» EXERCISE: Below are the records. List every line holding the word "color".

•••

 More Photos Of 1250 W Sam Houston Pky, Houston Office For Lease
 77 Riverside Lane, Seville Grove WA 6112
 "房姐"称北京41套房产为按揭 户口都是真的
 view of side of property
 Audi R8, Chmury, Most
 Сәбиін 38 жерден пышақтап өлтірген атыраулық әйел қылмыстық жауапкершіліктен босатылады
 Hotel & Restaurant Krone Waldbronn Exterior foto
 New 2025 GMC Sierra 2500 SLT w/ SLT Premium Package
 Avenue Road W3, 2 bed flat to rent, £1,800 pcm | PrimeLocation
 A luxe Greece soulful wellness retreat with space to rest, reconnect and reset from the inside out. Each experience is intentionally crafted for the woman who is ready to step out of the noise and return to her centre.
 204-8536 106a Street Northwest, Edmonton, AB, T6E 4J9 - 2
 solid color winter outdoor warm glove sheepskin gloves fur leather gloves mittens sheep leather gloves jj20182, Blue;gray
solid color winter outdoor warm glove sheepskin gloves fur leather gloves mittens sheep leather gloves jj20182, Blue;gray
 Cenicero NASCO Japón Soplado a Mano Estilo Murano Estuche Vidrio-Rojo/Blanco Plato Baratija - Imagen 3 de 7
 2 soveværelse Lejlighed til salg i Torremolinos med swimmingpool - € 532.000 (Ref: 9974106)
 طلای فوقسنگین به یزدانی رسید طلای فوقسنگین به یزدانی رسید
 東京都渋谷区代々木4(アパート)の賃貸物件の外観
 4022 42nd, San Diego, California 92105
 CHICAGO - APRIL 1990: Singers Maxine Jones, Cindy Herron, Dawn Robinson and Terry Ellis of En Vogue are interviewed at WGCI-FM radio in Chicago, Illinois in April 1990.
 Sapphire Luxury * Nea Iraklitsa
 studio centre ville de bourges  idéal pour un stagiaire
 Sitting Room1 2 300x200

•••

» ANSWER TO THE PROBLEM:
 solid color winter outdoor warm glove sheepskin gloves fur leather gloves mittens sheep leather gloves jj20182, Blue;gray
solid color winter outdoor warm glove sheepskin gloves fur leather gloves mittens sheep leather gloves jj20182, Blue;gray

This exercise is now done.